Stored data:
■ ■ ■ ■

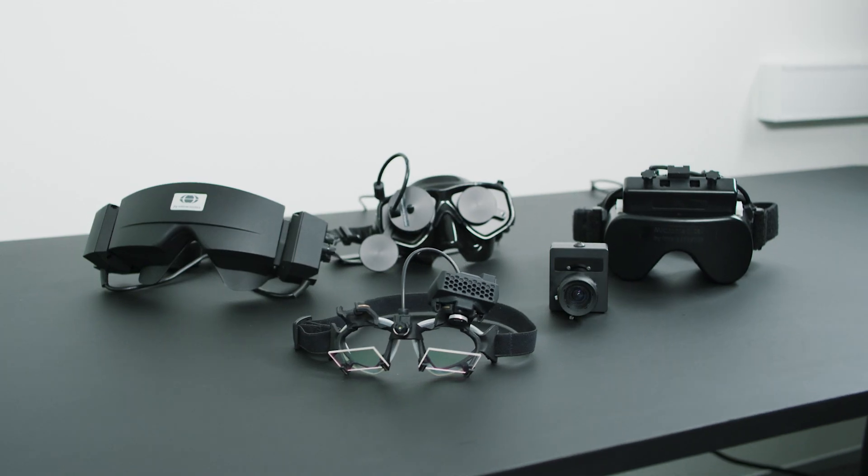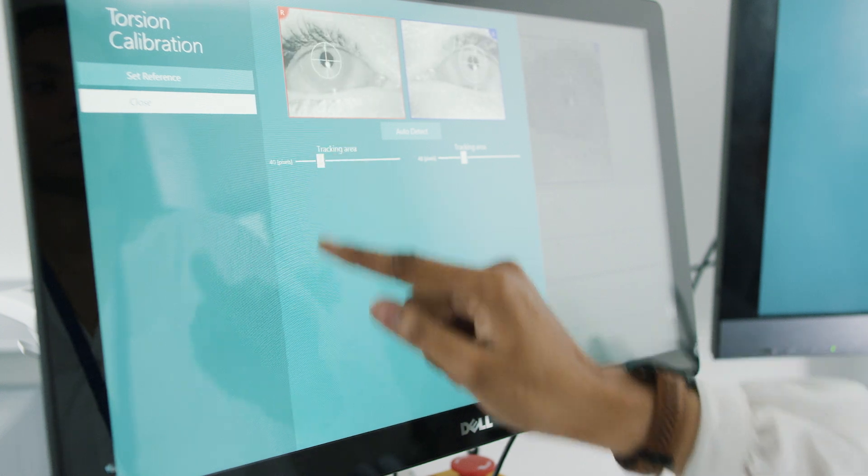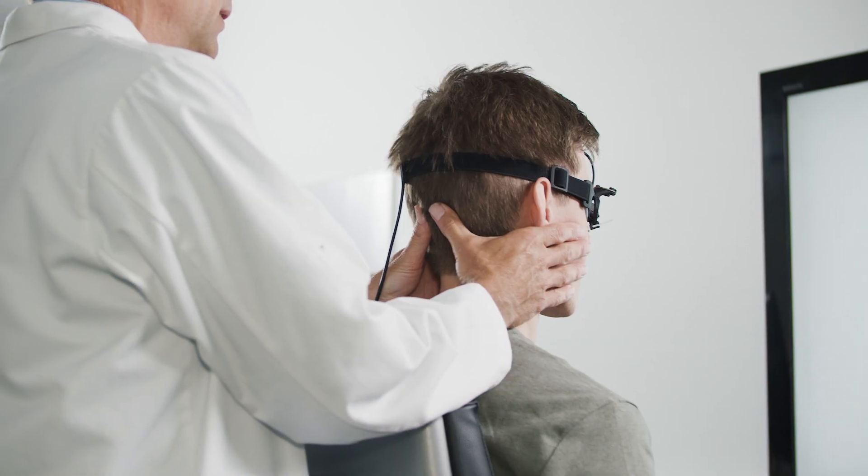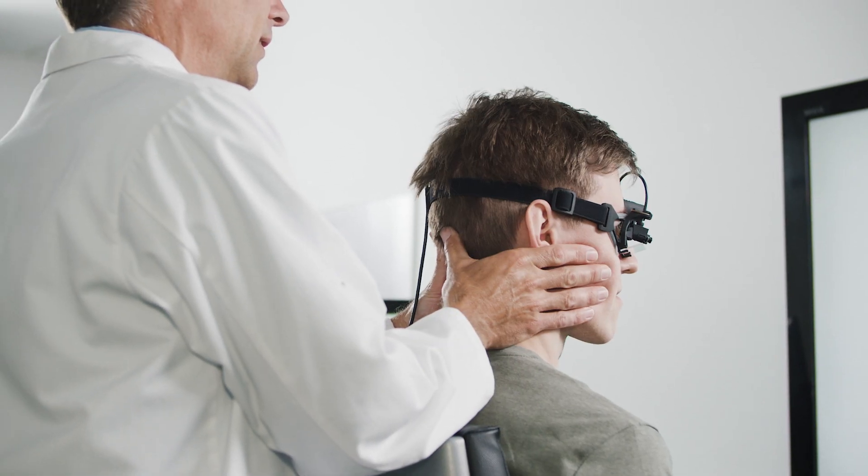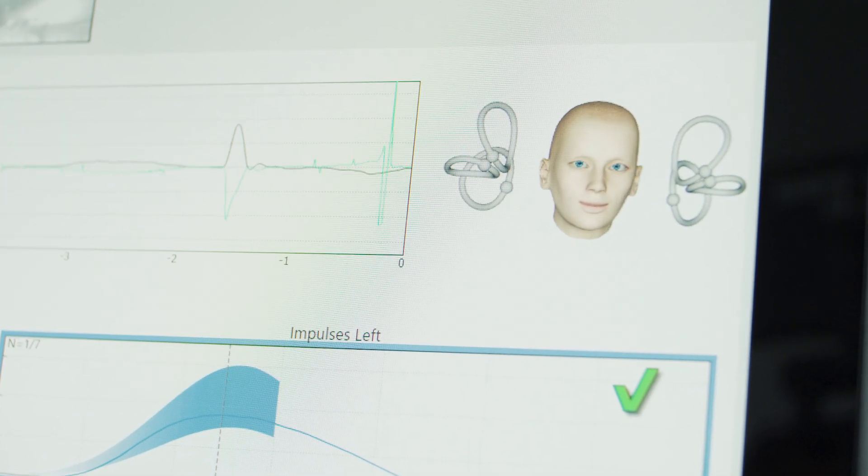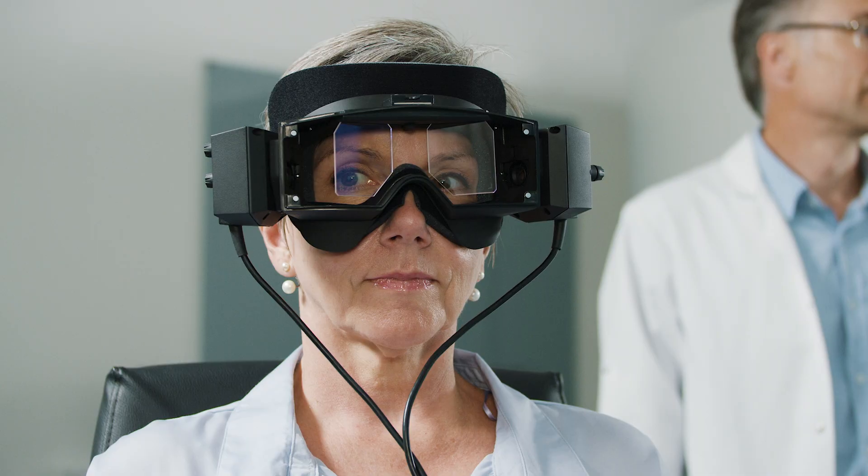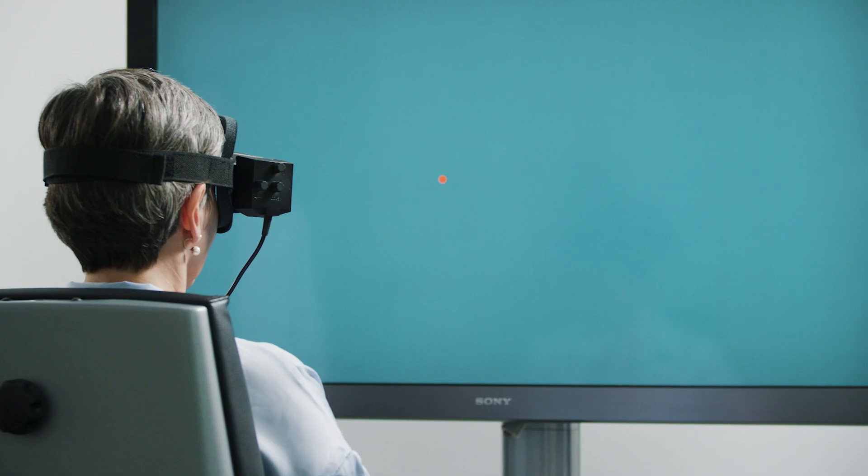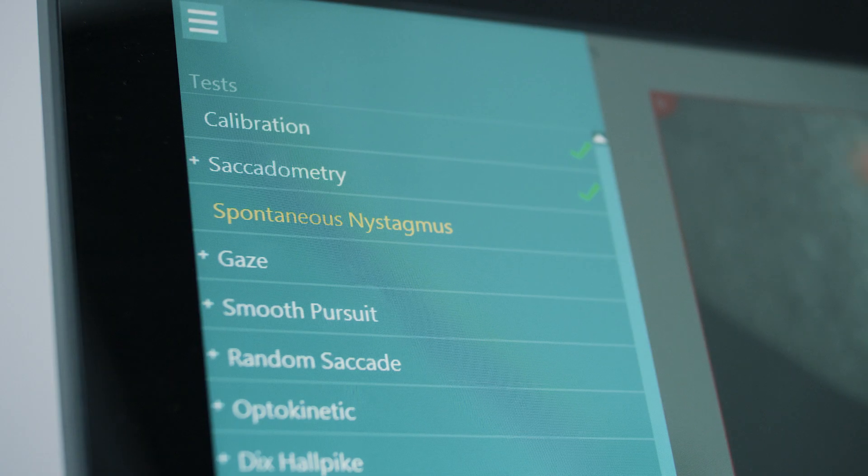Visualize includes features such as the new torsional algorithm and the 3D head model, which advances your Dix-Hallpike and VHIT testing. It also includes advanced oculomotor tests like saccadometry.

■ ■ ■ ■

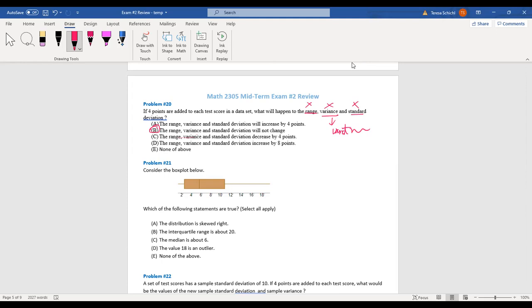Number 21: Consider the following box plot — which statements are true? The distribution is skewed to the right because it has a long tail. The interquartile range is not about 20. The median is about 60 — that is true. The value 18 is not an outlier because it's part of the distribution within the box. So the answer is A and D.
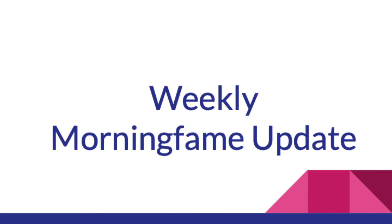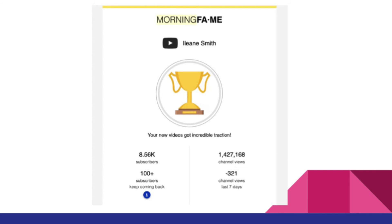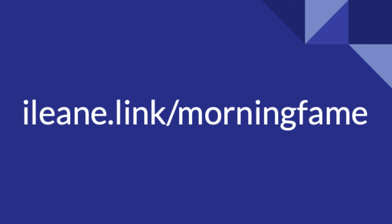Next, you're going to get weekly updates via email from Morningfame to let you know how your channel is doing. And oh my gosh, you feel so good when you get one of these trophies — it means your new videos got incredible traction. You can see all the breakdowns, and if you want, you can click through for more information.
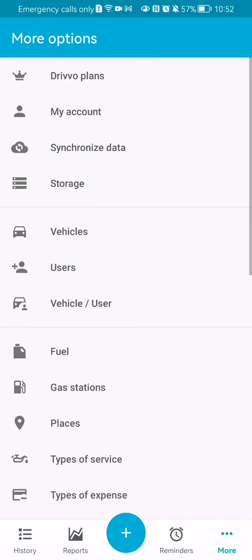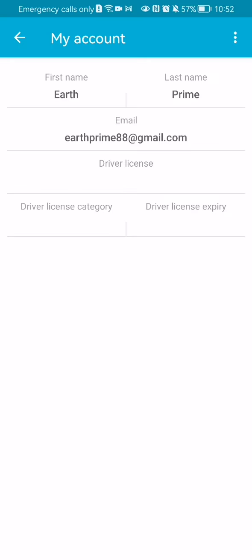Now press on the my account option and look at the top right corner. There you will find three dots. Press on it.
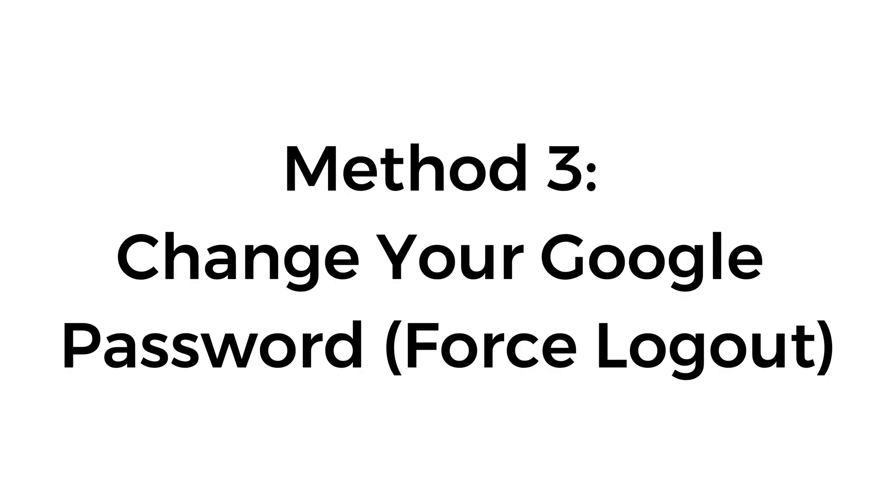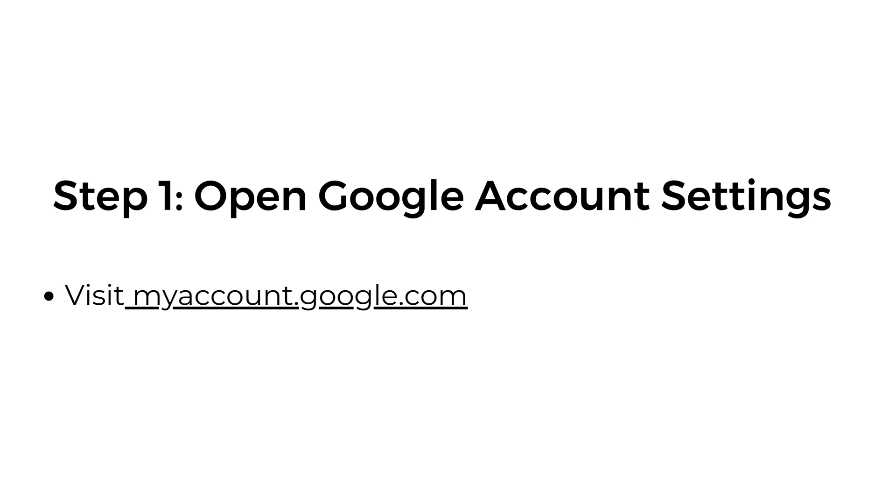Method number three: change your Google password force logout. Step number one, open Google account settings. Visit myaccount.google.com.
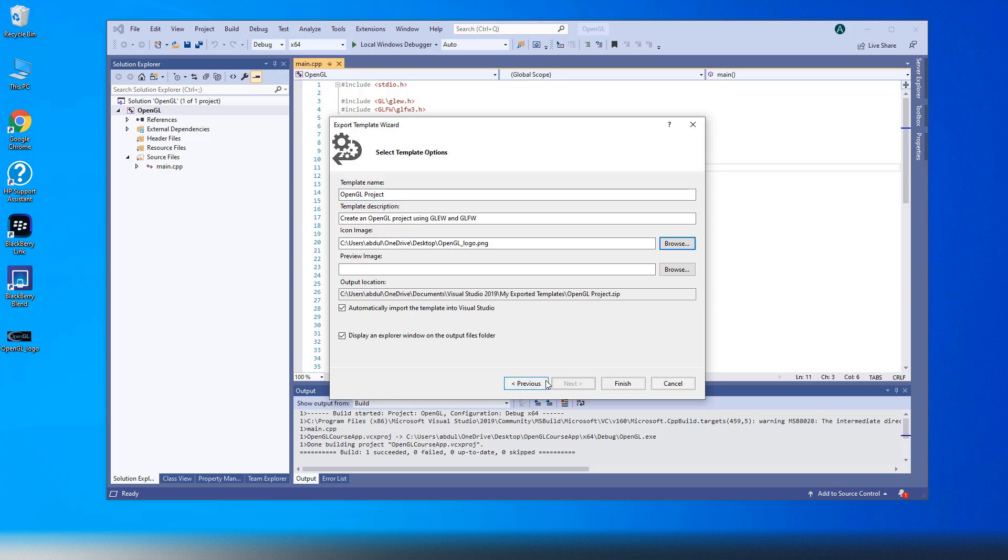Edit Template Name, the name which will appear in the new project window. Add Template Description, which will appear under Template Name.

■ ■ ■ ■

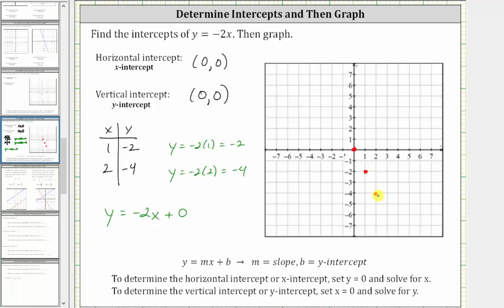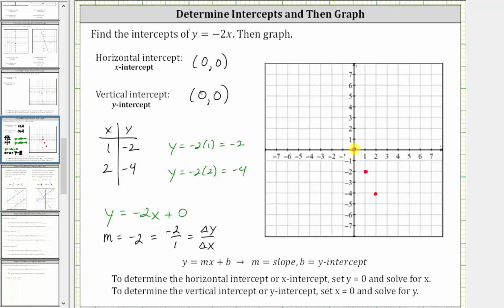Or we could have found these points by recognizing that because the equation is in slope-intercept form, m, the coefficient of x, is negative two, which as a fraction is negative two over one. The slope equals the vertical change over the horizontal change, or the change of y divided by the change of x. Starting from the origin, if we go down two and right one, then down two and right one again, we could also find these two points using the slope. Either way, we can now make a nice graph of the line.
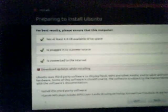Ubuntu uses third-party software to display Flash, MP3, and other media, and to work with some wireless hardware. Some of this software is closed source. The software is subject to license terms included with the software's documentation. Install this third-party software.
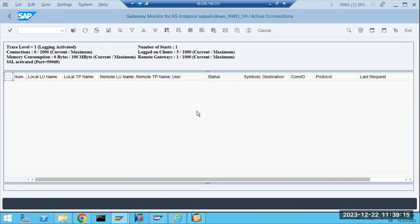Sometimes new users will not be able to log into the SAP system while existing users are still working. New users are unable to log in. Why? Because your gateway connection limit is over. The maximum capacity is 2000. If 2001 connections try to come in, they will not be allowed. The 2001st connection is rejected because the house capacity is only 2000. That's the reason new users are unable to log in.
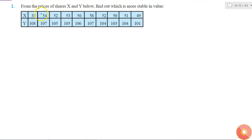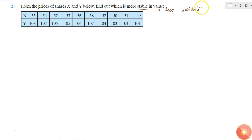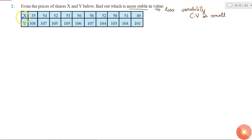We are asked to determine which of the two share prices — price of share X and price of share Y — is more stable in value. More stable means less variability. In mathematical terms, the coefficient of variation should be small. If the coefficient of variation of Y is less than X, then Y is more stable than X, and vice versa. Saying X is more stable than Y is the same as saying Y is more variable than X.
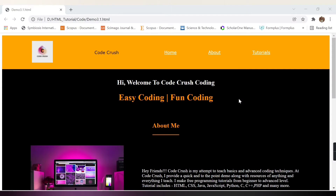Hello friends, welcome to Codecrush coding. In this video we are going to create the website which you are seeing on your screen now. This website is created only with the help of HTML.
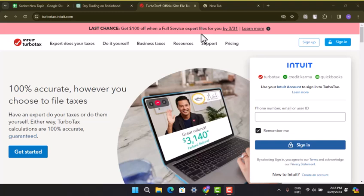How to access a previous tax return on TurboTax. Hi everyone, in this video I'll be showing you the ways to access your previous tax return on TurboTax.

■ ■ ■ ■

Task instructions: Everything above from the line containing "Method number three: change" down to the line containing "Edit Template Name, the" is to be duplicated exactly, both lines included, and the pictures are to be omitted.

Response:
Method number three: change your Google password force logout. Step number one, open Google account settings. Visit myaccount.google.com.
Edit Template Name, the name which will appear in the new project window. Add Template Description, which will appear under Template Name.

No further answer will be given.